Da heißt es im Artikel 27 (1): Jeder Mensch hat das Recht, am kulturellen Leben der Gemeinschaft frei teilzunehmen, sich der Künste zu erfreuen und am wissenschaftlichen Fortschritt und dessen Wohltaten teilzuhaben.

Ich habe leise Zweifel, ob sich die junge Dame in ihrer Feierlaune auf diesen Artikel der Allgemeinen Menschenrechte berufen wollte und in dem oben zitierten Artikel mit dem kulturellen Leben auch die Auswüchse von Erscheinungen der Jugendkultur unter Pandemie-Bedingungen erfasst wurden.

Zudem heißt es auch in Artikel 29(1): Jeder Mensch hat Pflichten gegenüber der Gemeinschaft, in der allein die freie und volle Entwicklung seiner Persönlichkeit möglich ist.

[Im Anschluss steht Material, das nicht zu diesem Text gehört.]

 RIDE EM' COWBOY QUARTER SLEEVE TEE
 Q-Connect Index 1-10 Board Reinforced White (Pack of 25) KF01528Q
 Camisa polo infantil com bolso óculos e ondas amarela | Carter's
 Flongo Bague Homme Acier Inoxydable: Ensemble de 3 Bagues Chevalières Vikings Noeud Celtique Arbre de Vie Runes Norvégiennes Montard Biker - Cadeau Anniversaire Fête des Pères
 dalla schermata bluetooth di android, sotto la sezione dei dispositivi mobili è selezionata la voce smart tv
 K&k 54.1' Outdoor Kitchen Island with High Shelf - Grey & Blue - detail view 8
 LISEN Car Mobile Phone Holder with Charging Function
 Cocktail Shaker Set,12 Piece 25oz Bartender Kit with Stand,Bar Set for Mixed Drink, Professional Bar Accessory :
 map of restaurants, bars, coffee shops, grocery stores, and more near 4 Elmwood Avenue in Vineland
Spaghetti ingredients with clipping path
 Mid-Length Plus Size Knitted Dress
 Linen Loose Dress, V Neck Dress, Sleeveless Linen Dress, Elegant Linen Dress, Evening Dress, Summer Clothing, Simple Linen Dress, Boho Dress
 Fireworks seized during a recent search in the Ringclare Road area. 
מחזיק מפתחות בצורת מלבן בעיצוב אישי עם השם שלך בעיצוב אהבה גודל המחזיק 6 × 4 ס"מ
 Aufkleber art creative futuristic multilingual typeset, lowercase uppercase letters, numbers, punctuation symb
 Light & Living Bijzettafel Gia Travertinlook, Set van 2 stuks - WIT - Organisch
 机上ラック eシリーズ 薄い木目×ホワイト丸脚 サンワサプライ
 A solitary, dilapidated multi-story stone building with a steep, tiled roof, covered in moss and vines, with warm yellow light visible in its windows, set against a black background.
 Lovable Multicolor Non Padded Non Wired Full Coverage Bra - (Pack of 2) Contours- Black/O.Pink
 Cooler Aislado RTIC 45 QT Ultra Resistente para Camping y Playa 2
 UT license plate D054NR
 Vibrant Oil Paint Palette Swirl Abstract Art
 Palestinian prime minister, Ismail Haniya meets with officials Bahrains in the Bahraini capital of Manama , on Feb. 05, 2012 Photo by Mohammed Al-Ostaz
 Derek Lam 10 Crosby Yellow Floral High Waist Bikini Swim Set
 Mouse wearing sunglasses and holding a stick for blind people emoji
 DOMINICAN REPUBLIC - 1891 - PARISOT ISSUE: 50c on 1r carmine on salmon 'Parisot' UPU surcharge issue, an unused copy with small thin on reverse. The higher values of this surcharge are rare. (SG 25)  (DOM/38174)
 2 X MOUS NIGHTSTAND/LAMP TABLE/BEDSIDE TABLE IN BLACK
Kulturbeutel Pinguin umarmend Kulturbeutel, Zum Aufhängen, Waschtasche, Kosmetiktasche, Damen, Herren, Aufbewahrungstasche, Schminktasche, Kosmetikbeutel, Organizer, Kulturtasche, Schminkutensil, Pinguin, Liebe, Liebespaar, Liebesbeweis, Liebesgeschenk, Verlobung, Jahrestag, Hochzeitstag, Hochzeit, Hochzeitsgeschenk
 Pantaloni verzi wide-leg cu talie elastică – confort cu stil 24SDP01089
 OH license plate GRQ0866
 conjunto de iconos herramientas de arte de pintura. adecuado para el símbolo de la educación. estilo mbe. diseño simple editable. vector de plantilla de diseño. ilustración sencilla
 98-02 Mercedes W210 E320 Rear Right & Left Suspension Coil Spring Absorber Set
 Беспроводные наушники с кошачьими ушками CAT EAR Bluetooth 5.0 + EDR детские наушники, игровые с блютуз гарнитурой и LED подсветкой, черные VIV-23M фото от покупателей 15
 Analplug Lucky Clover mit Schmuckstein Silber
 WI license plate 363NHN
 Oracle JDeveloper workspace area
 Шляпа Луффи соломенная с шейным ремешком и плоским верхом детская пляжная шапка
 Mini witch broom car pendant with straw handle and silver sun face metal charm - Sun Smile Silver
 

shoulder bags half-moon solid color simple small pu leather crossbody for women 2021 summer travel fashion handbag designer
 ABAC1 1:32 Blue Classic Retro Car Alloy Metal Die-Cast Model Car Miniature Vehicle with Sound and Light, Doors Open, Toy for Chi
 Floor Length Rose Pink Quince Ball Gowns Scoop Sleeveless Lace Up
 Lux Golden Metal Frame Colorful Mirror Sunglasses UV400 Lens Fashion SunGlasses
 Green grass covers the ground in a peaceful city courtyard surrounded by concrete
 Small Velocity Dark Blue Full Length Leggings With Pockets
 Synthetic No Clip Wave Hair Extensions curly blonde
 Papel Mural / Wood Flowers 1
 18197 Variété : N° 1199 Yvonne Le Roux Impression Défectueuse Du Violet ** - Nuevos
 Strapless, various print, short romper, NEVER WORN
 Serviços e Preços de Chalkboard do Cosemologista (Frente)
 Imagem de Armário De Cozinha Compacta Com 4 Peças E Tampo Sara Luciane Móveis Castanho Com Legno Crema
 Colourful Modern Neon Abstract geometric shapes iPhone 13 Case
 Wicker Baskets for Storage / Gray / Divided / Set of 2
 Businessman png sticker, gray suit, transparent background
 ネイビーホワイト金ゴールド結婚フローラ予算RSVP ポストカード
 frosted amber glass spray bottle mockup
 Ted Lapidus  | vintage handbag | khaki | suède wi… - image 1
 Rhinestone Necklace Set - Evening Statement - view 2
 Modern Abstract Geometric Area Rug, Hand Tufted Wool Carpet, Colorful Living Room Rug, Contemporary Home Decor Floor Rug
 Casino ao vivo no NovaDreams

Da haben wir es: In unserem gesellschaftlichen Miteinander geht es nicht nur um den Einzelnen, sondern das Ganze der Gesellschaft muss im Blick bleiben.

Im biblischen Sprachgebrauch findet sich dazu das Jesuswort: „Liebe deinen Nächsten wie dich selbst!“ – Den Nächsten zu lieben, das kann unter den Bedingungen von Corona auch heißen, von dem Nächsten Abstand zu halten, ihn und sich selbst vor Ansteckung zu schützen.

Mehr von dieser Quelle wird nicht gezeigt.